Una lágrima se resbaló deprisa por su mejilla –porque allí hasta las lágrimas andaban a hurtadillas. No sabía en qué momento había tomado la decisión ni cuáles habían sido los argumentos que seguramente repasó en su cabeza, pero estaba convencida de lo que iba a hacer. Le sirvió un vaso de leche y se lo dio ella para que no se regara, aunque ya eso no significara nada. Cuando terminó, puso el vaso en la ponchera, tomó a su hijo de la mano y lo arrastró suavecito hasta la cama. Al toparse con la estructura, él se agachó para volver a meterse bajo la madera, pero ella se adelantó, lo tomó de la cintura y lo sentó sobre el colchón. Luego se arrodilló con pausa frente a él, lo miró y le limpió los mocos, la leche y las babas secas que tenía entre la boca y la nariz. Le apretó duro el rostro y lo confirmó, no era el de un asesino ni tampoco el de un cobarde. Lo acostó y él se dejó zarandear con la resignación de los condenados. Parecía que su hijo siempre había tenido la facultad de entender, más allá de sus tres años, la desdichada naturaleza de sus vidas.

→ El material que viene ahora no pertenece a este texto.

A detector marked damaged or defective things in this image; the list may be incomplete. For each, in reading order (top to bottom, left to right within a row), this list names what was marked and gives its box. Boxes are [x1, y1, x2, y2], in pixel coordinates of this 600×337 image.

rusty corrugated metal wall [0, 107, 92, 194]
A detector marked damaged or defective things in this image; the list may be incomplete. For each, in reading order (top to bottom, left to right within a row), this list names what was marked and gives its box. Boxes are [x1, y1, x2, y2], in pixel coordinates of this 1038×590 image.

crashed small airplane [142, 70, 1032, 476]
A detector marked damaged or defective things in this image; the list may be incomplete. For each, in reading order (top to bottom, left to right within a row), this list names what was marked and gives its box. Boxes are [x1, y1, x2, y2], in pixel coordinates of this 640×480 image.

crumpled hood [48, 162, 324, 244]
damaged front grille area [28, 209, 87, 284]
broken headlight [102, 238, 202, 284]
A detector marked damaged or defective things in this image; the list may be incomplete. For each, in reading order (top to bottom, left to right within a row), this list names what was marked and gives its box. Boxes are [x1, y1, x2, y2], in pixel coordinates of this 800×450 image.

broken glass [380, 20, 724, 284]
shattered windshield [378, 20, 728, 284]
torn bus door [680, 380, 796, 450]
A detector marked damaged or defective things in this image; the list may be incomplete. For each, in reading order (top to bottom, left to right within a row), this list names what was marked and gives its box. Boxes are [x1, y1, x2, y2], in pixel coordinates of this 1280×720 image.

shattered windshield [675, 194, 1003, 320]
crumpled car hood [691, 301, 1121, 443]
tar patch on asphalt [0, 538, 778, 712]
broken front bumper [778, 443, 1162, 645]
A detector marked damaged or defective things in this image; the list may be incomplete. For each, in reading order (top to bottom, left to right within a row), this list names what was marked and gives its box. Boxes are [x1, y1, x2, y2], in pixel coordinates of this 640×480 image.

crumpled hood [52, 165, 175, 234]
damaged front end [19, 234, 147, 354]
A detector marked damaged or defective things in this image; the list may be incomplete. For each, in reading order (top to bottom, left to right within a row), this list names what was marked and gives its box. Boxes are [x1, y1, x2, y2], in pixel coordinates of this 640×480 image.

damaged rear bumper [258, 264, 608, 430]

Ella le cantó, como le había cantado hacía unas horas, la única canción de cuna que se sabía. Los últimos versos fueron un llanto mudo que la ahogó en un penetrante espasmo. Cuando comprobó que se había dormido, se calmó y se abandonó al rezo nuevamente, esta vez en busca de Dios. No pidió por ella, ella ya estaba en el infierno y sabía que ahí se quedaba. Pidió por él. Ofreció ayunos y penitencias para que se convirtiera en ángel a quienes otros arrancaran milagros con los dientes. Hizo la cruz y tomó la almohada. Las manos le temblaban. La depositó amorosamente sobre la cara de su hijo para que no se despertara sino hasta el final.
Las últimas patadas coincidieron con las del hombre que derribó la puerta. El que al entrar, se detuvo en el marcó y miró el cuadro con una mueca en la cara. Para que aprenda a respetar la voluntad de Dios –dijo, mientras se desabrochaba los pantalones. Ella se tiró al pie de la cama, abrió las piernas y contempló, por el hueco de la puerta, el azul pálido del amanecer que ahora hacía juego con el cuero de su hijo. El hombre la tomó por detrás y le jaló fuerte el pelo obligándola a mirar para el techo. Ella sintió su miembro duro como una daga y cerró los ojos con fuerza invocando la imagen de la cabeza rota de su esposo. Entonces, dejó de sentir las llamas y fue ella quien dibujó una mueca en su cara.